Six friends, ten days in Japan. One person books the Airbnb in yen. Another buys bullet train tickets for everyone on their US card. A third covers a group dinner that comes to ¥34,800. Someone else handles two nights at a ryokan while four people split off to Kyoto. By the time you're at the airport heading home, nobody has any idea who owes whom what—or in which currency.

Group travel expense tracking fails for one main reason: people add up costs days or weeks after the trip, using whatever today's exchange rate happens to be. If the yen moved 3% between your Tokyo dinner and the moment you're doing the math, everyone's share shifts—not because you miscalculated, but because you used the wrong rate.
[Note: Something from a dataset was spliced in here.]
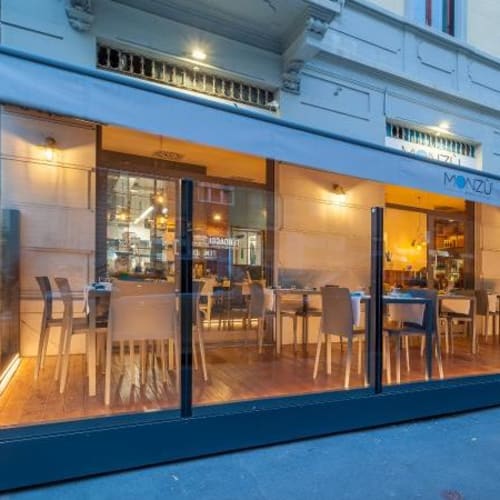 Monzù Bistrot, Milano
Make It Even locks the exchange rate at the date of each expense, so history stays fixed no matter what currencies do later. This guide walks through how to set up a trip group, track expenses as you go, and do a final settlement when you're home.

Set Up the Trip Group Before You Leave

Create a group in Make It Even called something like 'Japan Trip – May 2026' and invite all six travelers. Decide on a base currency—USD works if most of the group is American, but you can choose any of the 14 supported currencies. The base currency is what all balances display in. Each individual expense can be logged in the currency it was actually paid in.

Do this before the trip, not during it. You'll want people to have accounts set up and be familiar with the interface before they're jet-lagged and trying to split a ¥8,500 ramen dinner at 11pm.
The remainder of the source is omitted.